Actually I myself wouldn't keep corys even in a group of 6. 6 is just the number where I draw the line.


----------



## night_day (Mar 16, 2005)

Thanks for the lviely discussion! Let's say I go 6, would that be too dangerous from an overpopulation standpoint? (I currently have 12 in a 20 gallon as a refresher) Are there other bottom feeders that I can consider that I could simply add 2 and be ok? Thanks!


----------



## osteoporoosi (Jan 27, 2005)

Amano shrimps or apple snails are good, but i doubt that tehere is any kind of non-schooling bottom feeder that would fit into a 20g, all plecos grow too big and are too messy.
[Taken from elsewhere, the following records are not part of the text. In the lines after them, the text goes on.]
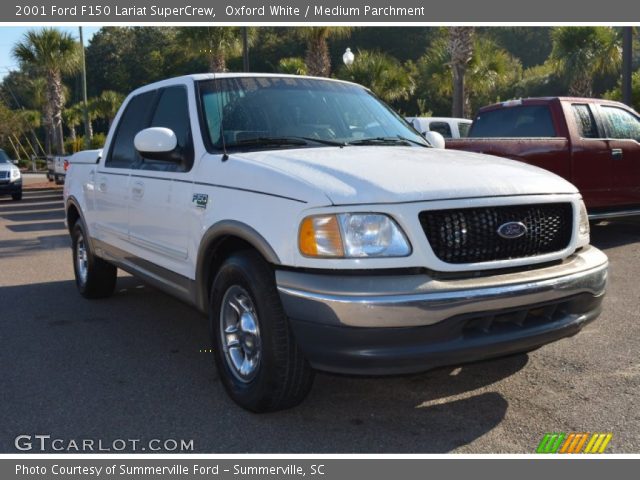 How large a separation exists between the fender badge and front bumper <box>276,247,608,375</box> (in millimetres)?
905

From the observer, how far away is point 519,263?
3.46 meters

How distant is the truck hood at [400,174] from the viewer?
330 cm

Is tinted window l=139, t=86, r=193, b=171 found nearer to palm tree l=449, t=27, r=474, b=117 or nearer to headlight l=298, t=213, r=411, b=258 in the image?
headlight l=298, t=213, r=411, b=258

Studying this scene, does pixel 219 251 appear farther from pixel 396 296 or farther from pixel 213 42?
pixel 213 42

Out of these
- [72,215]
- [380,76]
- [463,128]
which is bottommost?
[72,215]

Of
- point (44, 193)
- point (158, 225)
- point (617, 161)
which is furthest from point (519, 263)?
point (44, 193)

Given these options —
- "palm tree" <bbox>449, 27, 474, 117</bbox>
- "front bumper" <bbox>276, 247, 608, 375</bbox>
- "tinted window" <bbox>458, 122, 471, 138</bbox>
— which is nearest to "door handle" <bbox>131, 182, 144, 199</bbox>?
"front bumper" <bbox>276, 247, 608, 375</bbox>

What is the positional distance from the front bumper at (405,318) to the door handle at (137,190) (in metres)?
2.01

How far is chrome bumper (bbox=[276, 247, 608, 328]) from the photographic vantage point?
3.10 m

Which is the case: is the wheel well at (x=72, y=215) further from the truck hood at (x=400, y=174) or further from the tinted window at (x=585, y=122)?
the tinted window at (x=585, y=122)

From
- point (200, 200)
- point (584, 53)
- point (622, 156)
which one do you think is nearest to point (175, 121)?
point (200, 200)

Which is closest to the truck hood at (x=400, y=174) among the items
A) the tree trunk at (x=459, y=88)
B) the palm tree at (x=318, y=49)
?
the tree trunk at (x=459, y=88)

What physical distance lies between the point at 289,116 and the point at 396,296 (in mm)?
1865

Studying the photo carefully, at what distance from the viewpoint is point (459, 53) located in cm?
1678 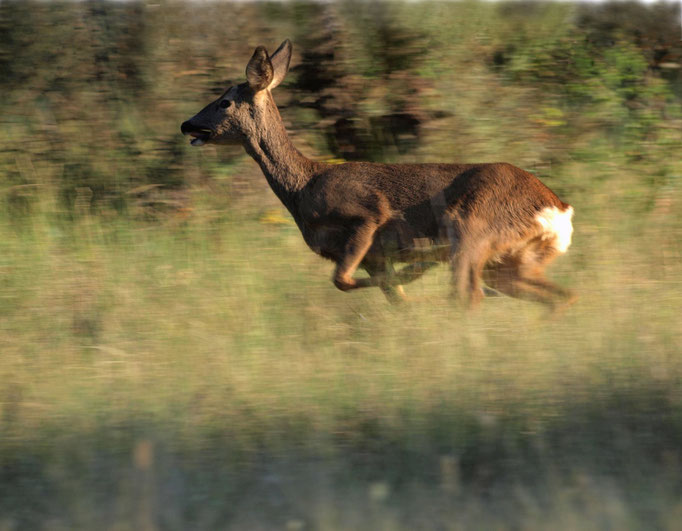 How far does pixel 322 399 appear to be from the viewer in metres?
4.56

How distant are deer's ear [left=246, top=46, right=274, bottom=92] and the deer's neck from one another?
150mm

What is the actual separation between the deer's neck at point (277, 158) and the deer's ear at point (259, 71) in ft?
0.49

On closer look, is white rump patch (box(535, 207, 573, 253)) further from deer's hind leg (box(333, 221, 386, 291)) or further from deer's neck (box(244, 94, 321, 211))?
deer's neck (box(244, 94, 321, 211))

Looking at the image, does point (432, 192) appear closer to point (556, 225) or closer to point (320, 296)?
point (556, 225)

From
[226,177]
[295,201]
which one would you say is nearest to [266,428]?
[295,201]

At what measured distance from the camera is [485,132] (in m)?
8.70

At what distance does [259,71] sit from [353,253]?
4.61ft

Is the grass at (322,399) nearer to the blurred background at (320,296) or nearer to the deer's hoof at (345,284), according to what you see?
the blurred background at (320,296)

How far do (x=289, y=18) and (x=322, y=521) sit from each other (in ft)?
21.8

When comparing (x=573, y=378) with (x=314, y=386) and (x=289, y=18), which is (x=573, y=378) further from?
(x=289, y=18)

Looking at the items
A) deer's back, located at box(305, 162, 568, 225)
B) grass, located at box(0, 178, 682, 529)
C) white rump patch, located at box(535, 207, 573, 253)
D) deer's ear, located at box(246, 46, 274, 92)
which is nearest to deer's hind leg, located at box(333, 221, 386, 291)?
deer's back, located at box(305, 162, 568, 225)

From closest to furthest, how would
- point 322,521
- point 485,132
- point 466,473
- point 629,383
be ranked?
point 322,521 → point 466,473 → point 629,383 → point 485,132

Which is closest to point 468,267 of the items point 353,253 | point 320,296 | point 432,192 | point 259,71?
point 432,192

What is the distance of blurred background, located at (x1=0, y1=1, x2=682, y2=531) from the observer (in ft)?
12.0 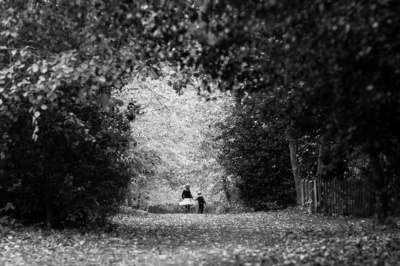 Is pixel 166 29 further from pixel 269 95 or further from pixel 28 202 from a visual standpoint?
pixel 269 95

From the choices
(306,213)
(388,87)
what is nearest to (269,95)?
(306,213)

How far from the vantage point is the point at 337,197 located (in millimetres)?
21734

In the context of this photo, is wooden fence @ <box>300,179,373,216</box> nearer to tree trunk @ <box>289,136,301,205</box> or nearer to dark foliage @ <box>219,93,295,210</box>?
tree trunk @ <box>289,136,301,205</box>

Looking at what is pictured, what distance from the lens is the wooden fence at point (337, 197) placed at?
66.5 ft

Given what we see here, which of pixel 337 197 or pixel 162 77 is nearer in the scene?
pixel 162 77

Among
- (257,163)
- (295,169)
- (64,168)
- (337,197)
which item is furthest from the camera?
(257,163)

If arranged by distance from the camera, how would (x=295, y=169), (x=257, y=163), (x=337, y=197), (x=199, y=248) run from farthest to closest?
(x=257, y=163) → (x=295, y=169) → (x=337, y=197) → (x=199, y=248)

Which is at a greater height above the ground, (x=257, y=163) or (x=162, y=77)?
(x=257, y=163)

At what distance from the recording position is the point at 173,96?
112ft

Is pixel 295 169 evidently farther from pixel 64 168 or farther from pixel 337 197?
pixel 64 168

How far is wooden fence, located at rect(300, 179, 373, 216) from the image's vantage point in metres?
20.3

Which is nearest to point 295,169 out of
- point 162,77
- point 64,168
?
point 64,168

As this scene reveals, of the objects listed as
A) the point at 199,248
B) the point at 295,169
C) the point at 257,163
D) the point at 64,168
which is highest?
the point at 257,163

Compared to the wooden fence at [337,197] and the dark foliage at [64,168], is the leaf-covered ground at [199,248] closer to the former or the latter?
the dark foliage at [64,168] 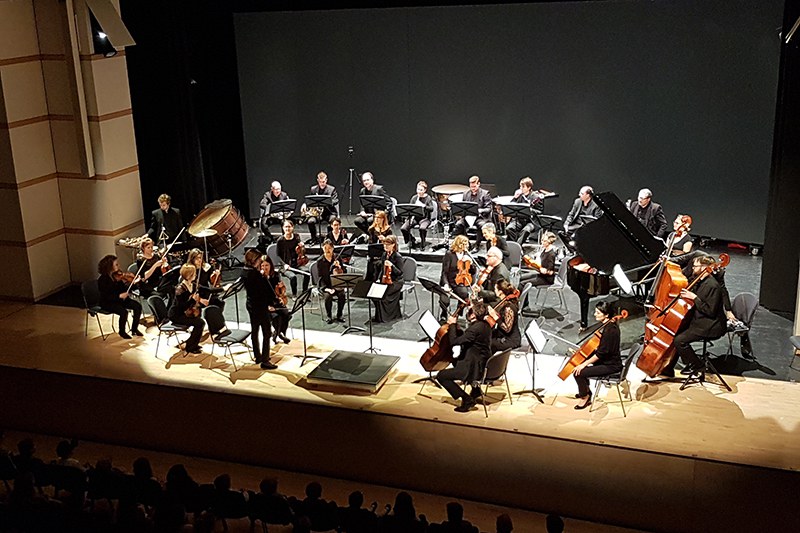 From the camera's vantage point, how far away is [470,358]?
796cm

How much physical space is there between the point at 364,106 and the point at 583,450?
8.94 metres

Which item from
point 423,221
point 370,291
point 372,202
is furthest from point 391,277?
point 423,221

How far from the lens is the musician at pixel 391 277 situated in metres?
9.94

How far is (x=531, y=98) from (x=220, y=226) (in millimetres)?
5546

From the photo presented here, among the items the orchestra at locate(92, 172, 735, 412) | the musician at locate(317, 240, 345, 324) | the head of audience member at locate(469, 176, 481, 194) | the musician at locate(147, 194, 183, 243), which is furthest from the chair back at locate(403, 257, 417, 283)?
the musician at locate(147, 194, 183, 243)

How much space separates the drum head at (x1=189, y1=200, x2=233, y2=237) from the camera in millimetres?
10578

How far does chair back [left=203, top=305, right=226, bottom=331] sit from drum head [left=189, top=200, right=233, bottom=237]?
6.22 ft

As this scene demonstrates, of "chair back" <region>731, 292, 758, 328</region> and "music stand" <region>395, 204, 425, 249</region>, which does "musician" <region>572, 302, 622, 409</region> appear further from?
"music stand" <region>395, 204, 425, 249</region>

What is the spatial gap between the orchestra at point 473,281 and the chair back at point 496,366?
12 centimetres

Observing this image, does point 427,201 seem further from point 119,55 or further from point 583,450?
point 583,450

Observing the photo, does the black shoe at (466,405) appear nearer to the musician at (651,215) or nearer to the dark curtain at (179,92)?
the musician at (651,215)

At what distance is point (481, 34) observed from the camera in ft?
45.8

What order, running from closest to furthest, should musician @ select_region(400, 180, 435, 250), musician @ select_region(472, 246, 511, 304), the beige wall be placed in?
1. musician @ select_region(472, 246, 511, 304)
2. the beige wall
3. musician @ select_region(400, 180, 435, 250)

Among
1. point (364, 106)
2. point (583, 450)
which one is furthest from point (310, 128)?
point (583, 450) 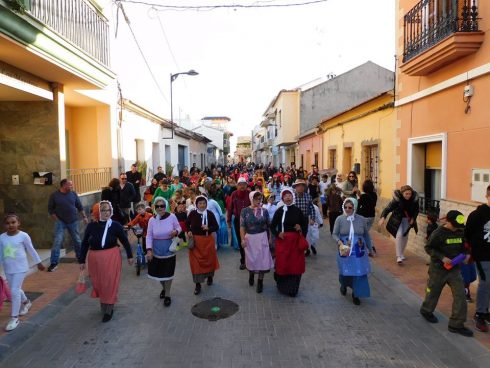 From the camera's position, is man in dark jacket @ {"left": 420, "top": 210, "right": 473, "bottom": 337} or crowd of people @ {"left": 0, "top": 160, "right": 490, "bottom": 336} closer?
man in dark jacket @ {"left": 420, "top": 210, "right": 473, "bottom": 337}

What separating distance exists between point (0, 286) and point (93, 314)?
4.11ft

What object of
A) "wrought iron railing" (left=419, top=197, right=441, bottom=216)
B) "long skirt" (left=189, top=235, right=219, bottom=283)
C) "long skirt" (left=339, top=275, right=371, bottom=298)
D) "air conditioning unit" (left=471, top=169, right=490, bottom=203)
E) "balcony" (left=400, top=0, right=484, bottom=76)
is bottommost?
"long skirt" (left=339, top=275, right=371, bottom=298)

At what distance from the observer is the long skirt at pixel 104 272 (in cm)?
525

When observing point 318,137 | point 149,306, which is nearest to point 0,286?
point 149,306

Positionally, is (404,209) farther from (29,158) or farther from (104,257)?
(29,158)

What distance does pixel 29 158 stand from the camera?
29.1ft

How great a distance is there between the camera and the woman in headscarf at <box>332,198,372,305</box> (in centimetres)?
578

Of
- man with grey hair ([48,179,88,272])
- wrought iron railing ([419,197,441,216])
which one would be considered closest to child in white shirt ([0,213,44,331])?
man with grey hair ([48,179,88,272])

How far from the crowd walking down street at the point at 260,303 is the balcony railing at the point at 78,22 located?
3.66m

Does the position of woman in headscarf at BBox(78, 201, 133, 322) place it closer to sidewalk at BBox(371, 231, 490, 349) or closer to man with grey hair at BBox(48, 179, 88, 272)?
man with grey hair at BBox(48, 179, 88, 272)

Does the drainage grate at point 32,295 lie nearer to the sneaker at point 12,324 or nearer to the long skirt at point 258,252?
the sneaker at point 12,324

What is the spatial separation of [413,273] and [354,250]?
2167mm

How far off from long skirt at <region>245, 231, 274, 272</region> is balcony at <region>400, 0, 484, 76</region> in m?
4.39

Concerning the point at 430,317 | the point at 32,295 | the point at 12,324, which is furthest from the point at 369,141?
the point at 12,324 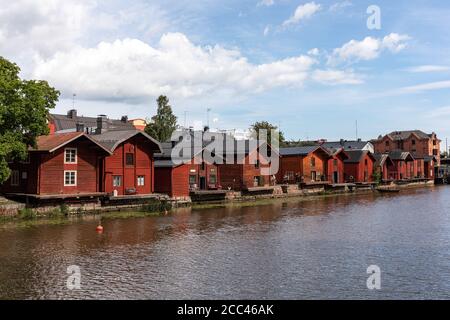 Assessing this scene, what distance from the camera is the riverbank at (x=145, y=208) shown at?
1501 inches

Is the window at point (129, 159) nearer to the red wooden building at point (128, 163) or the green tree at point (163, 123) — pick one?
the red wooden building at point (128, 163)

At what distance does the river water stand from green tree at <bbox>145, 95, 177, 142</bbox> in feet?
156

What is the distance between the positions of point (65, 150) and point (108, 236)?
14.7m

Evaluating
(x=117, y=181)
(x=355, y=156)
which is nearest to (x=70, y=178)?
(x=117, y=181)

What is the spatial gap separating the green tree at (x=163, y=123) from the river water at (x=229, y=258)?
47520 millimetres

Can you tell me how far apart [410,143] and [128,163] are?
10401 cm

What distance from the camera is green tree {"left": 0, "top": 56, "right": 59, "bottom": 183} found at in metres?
35.6

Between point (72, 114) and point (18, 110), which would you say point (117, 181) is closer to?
point (18, 110)

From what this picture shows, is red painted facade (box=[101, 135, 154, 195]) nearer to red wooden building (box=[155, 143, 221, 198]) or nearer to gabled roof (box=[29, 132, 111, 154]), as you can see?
red wooden building (box=[155, 143, 221, 198])

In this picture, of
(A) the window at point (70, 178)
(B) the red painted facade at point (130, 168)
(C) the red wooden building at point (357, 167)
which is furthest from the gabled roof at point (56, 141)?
(C) the red wooden building at point (357, 167)

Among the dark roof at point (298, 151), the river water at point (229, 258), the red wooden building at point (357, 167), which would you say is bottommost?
the river water at point (229, 258)

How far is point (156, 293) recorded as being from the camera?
18.4m

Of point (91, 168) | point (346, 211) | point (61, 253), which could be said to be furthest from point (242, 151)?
point (61, 253)

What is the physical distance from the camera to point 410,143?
13200cm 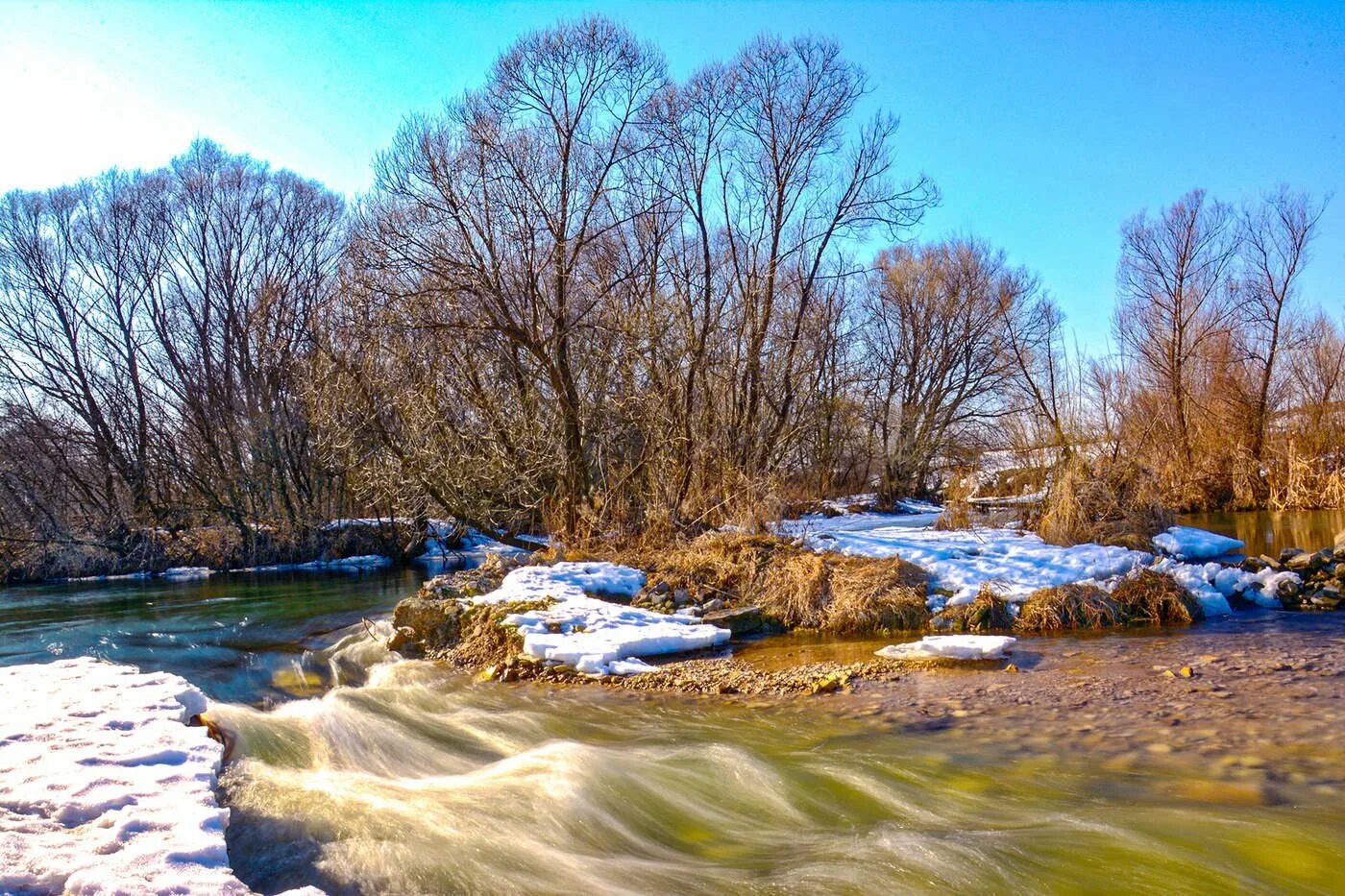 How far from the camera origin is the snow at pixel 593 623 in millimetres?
7773

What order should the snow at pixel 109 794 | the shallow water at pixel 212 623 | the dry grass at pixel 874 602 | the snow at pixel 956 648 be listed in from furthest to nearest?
the dry grass at pixel 874 602 < the shallow water at pixel 212 623 < the snow at pixel 956 648 < the snow at pixel 109 794

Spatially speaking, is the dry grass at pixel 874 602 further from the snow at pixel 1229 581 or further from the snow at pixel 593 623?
the snow at pixel 1229 581

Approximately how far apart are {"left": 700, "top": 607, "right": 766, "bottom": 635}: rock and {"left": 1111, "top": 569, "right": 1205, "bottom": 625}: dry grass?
12.1 feet

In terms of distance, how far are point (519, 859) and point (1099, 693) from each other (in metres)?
4.34

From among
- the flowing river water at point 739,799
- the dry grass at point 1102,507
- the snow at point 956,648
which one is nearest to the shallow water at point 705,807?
the flowing river water at point 739,799

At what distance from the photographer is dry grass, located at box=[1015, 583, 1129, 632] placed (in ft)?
27.6

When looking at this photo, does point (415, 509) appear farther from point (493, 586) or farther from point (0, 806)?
point (0, 806)

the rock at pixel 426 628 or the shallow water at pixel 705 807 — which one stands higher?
the rock at pixel 426 628

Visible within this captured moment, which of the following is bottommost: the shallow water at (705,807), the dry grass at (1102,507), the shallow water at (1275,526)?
the shallow water at (705,807)

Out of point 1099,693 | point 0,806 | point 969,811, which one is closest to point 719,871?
point 969,811

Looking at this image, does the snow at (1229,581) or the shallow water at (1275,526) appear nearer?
the snow at (1229,581)

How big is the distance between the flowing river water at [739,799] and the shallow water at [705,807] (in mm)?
15

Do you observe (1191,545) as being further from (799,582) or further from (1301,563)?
(799,582)

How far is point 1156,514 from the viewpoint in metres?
12.2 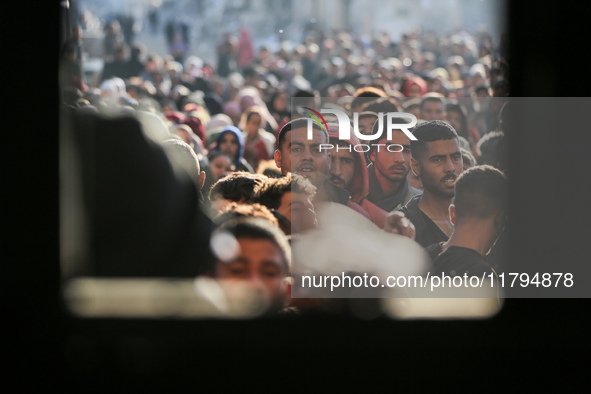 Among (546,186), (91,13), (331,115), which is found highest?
(91,13)

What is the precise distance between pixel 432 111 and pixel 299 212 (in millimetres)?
689

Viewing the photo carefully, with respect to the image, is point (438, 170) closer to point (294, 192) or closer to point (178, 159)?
point (294, 192)

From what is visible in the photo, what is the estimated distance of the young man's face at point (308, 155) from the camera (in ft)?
7.60

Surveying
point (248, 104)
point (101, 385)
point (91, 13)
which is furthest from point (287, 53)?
point (101, 385)

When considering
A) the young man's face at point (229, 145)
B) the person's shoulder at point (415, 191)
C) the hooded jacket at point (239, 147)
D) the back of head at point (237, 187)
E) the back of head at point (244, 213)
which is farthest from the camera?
the young man's face at point (229, 145)

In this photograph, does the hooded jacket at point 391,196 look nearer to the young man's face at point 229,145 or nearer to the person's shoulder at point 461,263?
the person's shoulder at point 461,263

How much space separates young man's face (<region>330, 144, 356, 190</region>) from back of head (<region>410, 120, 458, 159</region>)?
190 mm

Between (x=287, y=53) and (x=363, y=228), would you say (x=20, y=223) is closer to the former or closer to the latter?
(x=363, y=228)

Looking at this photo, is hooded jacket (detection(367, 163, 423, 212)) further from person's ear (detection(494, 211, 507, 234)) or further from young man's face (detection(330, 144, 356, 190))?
person's ear (detection(494, 211, 507, 234))

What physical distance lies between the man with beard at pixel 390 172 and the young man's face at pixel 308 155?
142mm

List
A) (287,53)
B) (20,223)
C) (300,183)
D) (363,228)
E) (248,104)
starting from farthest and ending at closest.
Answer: (287,53) → (248,104) → (300,183) → (363,228) → (20,223)

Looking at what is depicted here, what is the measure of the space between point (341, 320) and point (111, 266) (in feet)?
2.19

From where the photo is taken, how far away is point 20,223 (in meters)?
2.14

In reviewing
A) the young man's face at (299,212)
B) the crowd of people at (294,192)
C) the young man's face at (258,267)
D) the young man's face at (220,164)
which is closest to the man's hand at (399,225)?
the crowd of people at (294,192) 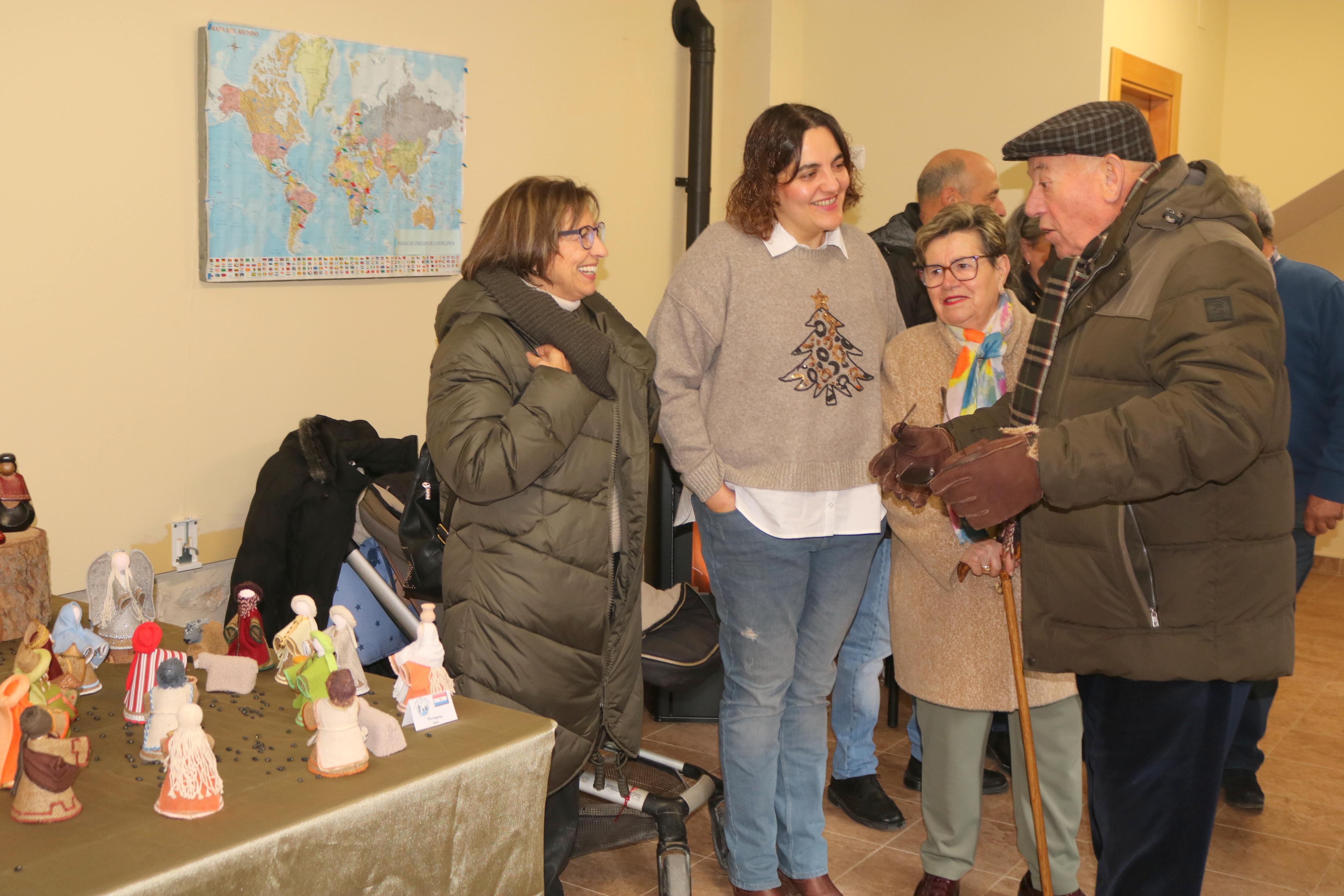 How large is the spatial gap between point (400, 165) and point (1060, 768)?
7.99 ft

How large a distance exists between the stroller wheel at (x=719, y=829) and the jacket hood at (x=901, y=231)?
147 cm

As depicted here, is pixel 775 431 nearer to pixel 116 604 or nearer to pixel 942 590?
pixel 942 590

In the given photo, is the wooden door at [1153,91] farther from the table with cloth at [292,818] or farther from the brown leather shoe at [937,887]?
the table with cloth at [292,818]

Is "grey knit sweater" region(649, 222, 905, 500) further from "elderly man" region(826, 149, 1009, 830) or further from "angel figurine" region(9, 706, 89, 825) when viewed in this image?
"angel figurine" region(9, 706, 89, 825)

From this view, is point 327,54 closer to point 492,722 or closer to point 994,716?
point 492,722

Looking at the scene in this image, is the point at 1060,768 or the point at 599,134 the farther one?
the point at 599,134

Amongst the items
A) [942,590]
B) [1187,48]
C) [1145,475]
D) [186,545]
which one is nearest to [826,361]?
[942,590]

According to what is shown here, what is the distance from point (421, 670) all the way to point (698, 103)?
127 inches

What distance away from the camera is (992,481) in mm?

Otos are also schooling fish, and they need cool and flowing water. Do you necessarily want a bottom feeder?


----------



## night_day (Mar 16, 2005)

Not really, but I just thought it would add a nice variety to what we already have. I guess it's looking more and more like I won't be getting any then. Oh well, will have to wait for the next tank.


----------



## osteoporoosi (Jan 27, 2005)

Be careful, that happened to me and now I have totally 210 gallons of water in my tanks


----------



## night_day (Mar 16, 2005)

Hahahaha, nice! Well, I think I am ultimately too lazy to get that many more!  I have to admit, I got the aquarium for my wife as a Christmas gift, but I think I love our little fish just as much as her! I might just throw in 2 corys and see how it goes!  When everyone here says this isn't good, is it because the corys will be stressed since there aren't more of them around and they can't school? What effect would it have on them?


----------



## ron v (Feb 24, 2005)

You probably won't notice a behavioral problem with only two corys, but that's because you don't know what to look for. That's why many people, who don't know, think one or two is OK. "They look happy to me". Believe me, a cory alone acts very different than a dozen corys. Corys are sort of dumb acting fish. They just seem to aimless go about their business on the tank bottom and even a cory that's alone has to do this to survive. But they are much more active and "carefree" seeming when in a group. They will get in groups and swim around in tight circles and seem to almost play leapfrog. They are really quite amusing and obviously enjoy each others company. Frankly, I don't think anyone who has never kept a large group of corys should even post an opinion here. You just don't know.


----------



## osteoporoosi (Jan 27, 2005)

A long time ago I had two paleatus corys on gravel. Three years ago I became aware that they aren't actually happy, so I gave them a bigger tank, fine sand and added 18 corys. Oh boy what a difference!


----------